Bitten is a fantasy novel by Canadian writer Kelley Armstrong, published in 2001. It is the first book in the Women of the Otherworld series, and her first novel.

Plot introduction
Elena Michaels is the only known female werewolf, but she grows tired of spending her life pursuing rogue werewolves and trying to control her temper and violence. She decides to leave her Pack and live in Toronto as a human, but the Pack leader calls in a favor, which leads Elena to try to help quell an uprising.

Plot summary

The main character of Bitten is Elena Michaels, a woman who is the only known female werewolf in the world. She lives in Toronto, Ontario, Canada, and writes for a popular newspaper. She struggles to deal with her other-ness and to assimilate to the human world. She also contends with her terrible childhood and with the man who bit her and turned her into a werewolf.

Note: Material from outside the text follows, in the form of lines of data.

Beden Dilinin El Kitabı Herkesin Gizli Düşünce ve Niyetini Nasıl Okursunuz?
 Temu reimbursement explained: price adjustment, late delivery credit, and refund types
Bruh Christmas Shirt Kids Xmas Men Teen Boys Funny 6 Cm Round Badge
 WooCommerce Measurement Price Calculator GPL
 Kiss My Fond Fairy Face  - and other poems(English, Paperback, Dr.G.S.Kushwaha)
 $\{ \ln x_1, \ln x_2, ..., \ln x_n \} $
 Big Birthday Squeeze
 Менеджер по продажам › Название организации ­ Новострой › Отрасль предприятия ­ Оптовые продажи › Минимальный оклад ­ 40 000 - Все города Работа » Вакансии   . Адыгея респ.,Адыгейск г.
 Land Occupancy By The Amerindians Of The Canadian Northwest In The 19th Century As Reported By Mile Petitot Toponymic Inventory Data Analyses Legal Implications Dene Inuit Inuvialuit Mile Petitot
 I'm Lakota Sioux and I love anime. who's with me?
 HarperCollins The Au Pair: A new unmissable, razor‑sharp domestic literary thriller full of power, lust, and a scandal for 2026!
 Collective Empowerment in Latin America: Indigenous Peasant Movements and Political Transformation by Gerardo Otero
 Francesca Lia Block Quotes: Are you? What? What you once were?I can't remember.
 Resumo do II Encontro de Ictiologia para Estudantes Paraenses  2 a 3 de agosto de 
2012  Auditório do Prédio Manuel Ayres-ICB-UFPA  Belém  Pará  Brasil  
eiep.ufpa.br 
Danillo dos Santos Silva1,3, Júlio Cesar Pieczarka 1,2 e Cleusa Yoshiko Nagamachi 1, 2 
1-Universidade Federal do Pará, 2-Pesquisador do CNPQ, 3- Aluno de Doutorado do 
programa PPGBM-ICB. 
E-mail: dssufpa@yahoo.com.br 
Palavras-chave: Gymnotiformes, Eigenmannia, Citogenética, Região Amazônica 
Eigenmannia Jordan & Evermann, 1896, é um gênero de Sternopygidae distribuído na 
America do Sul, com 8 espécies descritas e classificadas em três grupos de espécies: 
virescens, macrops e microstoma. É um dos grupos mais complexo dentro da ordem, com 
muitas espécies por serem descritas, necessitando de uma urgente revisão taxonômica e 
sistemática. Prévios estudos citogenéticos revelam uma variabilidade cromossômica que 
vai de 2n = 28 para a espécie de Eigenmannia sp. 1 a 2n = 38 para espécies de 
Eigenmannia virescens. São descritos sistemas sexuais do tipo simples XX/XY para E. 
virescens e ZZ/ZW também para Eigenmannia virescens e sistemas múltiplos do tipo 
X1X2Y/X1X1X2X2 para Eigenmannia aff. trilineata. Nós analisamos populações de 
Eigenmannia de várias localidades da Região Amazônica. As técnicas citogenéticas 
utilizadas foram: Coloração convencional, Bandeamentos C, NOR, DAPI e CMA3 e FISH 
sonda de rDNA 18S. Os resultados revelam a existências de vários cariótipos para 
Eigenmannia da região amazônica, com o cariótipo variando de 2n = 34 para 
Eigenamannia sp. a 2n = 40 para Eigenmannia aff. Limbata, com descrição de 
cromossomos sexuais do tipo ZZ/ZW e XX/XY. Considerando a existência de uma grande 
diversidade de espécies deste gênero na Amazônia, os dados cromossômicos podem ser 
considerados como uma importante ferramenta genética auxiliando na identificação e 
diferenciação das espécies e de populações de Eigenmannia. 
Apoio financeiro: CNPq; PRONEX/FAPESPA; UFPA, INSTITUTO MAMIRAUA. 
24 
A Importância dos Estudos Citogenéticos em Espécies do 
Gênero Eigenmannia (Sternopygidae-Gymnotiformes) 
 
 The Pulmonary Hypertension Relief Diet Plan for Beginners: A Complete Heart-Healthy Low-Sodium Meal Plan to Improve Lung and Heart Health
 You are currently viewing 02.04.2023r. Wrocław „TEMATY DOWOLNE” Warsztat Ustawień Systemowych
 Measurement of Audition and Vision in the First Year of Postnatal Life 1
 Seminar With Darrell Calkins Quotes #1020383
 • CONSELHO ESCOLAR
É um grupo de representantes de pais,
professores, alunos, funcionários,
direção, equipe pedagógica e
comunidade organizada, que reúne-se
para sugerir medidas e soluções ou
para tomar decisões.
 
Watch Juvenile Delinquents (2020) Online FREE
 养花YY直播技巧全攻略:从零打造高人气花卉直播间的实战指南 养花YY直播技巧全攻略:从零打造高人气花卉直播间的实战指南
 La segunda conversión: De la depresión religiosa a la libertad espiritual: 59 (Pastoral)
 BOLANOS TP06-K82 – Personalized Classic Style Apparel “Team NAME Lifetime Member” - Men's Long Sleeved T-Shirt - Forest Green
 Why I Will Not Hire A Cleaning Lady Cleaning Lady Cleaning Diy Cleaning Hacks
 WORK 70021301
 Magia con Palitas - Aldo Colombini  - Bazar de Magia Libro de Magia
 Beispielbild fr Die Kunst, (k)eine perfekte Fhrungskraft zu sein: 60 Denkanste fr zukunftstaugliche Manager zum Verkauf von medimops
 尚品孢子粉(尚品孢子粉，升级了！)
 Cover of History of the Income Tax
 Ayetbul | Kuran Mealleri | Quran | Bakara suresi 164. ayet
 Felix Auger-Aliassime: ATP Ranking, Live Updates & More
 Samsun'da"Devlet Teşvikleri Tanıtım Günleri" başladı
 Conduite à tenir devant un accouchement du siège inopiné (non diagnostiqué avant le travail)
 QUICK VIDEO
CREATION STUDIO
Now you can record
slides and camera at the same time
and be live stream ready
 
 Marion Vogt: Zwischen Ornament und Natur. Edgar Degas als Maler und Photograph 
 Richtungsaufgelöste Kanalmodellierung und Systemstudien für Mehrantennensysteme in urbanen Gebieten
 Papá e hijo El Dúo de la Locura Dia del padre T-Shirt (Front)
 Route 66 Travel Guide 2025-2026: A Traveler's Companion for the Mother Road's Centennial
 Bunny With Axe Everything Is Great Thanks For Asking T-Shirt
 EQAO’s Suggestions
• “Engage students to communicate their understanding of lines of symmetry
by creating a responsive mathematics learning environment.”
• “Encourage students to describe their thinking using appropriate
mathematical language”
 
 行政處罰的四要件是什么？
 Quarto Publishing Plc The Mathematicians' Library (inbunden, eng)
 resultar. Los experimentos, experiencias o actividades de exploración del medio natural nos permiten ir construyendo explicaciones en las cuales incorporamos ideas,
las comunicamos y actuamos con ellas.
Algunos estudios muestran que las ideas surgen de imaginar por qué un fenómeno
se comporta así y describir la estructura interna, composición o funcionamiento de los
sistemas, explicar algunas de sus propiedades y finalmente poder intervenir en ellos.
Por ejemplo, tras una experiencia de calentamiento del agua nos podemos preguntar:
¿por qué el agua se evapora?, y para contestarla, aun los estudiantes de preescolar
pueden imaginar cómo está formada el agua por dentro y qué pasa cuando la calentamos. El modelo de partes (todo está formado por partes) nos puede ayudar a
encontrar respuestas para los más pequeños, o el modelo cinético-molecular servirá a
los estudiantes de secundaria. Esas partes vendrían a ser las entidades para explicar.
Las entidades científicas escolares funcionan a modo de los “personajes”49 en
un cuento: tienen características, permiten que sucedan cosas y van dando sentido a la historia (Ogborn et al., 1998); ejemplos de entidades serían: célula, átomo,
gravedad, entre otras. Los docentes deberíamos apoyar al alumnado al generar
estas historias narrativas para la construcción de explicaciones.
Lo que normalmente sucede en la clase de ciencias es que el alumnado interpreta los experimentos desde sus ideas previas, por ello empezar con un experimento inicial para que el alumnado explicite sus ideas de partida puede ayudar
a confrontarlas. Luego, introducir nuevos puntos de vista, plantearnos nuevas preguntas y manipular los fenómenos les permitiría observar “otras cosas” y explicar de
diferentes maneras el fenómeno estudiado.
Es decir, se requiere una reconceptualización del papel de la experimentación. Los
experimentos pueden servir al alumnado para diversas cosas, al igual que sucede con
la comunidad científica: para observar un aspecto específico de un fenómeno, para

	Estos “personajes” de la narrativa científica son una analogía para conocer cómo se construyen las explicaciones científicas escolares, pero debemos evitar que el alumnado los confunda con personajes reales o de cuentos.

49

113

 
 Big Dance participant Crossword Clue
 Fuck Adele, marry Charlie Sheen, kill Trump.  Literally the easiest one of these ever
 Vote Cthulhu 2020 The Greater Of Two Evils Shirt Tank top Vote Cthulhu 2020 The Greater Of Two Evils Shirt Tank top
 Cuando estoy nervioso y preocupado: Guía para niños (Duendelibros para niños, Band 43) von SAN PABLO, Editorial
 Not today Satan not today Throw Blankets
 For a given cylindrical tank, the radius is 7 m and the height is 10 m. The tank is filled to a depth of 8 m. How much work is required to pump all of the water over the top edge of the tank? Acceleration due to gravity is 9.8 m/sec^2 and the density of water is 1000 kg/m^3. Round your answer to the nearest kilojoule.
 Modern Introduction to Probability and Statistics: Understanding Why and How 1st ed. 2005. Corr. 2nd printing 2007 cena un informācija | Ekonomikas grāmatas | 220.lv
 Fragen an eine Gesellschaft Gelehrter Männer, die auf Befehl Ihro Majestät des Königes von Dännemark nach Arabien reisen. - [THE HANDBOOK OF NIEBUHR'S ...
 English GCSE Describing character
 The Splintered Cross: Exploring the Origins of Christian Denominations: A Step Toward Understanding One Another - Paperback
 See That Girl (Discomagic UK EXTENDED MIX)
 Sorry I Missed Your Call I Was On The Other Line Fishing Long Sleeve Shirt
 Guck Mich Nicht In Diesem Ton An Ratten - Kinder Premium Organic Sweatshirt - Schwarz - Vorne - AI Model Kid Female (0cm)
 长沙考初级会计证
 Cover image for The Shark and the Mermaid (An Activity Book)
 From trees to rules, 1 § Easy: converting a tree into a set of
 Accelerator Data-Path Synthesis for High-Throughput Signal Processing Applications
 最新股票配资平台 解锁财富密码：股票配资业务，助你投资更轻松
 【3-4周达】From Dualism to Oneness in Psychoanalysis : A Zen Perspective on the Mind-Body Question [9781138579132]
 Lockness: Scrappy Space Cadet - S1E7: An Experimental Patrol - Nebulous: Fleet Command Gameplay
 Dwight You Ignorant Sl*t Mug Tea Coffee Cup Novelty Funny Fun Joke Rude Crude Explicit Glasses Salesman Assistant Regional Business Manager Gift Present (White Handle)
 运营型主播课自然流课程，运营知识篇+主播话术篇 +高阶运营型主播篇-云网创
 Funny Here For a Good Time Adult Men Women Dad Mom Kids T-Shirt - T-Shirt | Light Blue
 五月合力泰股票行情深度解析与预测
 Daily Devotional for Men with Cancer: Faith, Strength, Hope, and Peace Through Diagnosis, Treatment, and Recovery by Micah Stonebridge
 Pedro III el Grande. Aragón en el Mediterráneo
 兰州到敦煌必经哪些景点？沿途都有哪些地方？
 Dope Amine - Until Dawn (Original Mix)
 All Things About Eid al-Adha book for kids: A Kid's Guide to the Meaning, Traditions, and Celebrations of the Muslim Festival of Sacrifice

Elena has settled into a somewhat normal existence, living with her architect boyfriend and ignoring her wolf side as much as possible. However, she learns that her Pack (the governing body of werewolves) is in trouble and comes to their aid, flying to Stonehaven, the country estate of the pack Alpha. It is in Bear Valley, a fictional city in up-state New York. When Elena arrives, she is greeted by her ex-lover, Clayton Danvers, who bit her and made her a werewolf (without her consent). Clayton is also the bodyguard and foster-son to Jeremy Danvers, the pack Alpha (leader). Elena learns that a local woman was found murdered on Stonehaven's land,  savaged by what authorities thought to be a dog. However, the Pack has determined that she was murdered by a Mutt, a rogue werewolf. They find out he is a recently escaped killer who was recently turned into a werewolf. Clay and Elena chase him into a rave and after several of the partygoers are killed, the wolf is hit by an SUV.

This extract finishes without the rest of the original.